What's something on your bucket list that you think is unique?

Not much. Love to travel, want to do more of that.

What are some of the books that are really worth reading that you can recommend?

Oh, this list is way too long! Everything by Kierkegaard, Wittgenstein, Stephen Toulmin, most of Tillich, much of Mircea Eliade, for starters. Don’t read much fiction — though I’ve learned a lot from really good fiction. I like to use my books as tools.

What is your writing kryptonite? Inversely, what is something that never fails to inspire you?

Kryptonite? I suppose self-absorption kills any useful spirit. Being able to think of things in terms of stories is always inspiring.

Do you think someone could be a writer if they don’t feel emotions strongly?

Not a very interesting one.
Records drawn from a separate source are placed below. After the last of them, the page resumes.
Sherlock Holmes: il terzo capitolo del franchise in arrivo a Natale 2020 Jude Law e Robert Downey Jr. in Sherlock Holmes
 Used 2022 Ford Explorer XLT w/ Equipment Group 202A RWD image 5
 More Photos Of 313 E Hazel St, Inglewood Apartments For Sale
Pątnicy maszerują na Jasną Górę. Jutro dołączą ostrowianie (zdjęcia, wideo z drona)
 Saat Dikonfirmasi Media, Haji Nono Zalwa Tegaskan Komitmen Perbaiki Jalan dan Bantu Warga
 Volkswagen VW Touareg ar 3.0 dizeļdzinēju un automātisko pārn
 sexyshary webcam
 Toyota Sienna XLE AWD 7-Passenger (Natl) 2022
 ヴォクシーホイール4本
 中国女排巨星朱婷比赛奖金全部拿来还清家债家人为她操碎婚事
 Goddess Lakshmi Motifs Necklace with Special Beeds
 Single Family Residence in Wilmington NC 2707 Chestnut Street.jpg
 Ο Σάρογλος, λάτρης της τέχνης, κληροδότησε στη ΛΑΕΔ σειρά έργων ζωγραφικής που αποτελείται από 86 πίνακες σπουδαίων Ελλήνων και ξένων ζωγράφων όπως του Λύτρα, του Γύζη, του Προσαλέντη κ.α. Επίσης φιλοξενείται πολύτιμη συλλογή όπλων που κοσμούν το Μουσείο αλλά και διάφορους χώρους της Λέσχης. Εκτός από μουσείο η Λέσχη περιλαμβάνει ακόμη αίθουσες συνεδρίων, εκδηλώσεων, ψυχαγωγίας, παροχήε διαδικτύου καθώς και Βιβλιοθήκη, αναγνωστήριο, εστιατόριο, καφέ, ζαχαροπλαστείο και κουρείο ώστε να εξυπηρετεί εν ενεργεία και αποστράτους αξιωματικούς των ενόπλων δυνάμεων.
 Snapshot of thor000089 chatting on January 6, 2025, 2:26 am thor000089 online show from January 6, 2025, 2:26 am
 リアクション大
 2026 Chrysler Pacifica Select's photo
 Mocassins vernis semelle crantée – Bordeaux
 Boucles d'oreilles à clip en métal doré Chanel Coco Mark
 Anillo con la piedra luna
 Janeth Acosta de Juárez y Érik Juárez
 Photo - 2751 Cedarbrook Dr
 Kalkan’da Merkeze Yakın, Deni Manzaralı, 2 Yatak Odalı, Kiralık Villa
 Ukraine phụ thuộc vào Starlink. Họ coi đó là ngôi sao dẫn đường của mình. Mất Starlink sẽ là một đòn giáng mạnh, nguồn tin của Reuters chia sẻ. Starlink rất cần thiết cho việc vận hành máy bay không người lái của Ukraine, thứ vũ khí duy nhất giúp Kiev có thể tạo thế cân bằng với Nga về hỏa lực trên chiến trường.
Nor could they be if they felt only emotions, not a concern for facts, data, big patterns.

What motivates people to write memoirs of themselves?

I suspect narcissism.

Which is the next book you are writing? Give us an insight into it.

I have a couple in mind. I’ll tell you about one. It would/will be a series of fairly short (150 page) books under the general title Religion in Ordinary Language. The first volume, which is largely drafted, is a book of prayers — nothing supernatural, nothing theistic, all in plain talk, but all quite spiritual and relevant to life.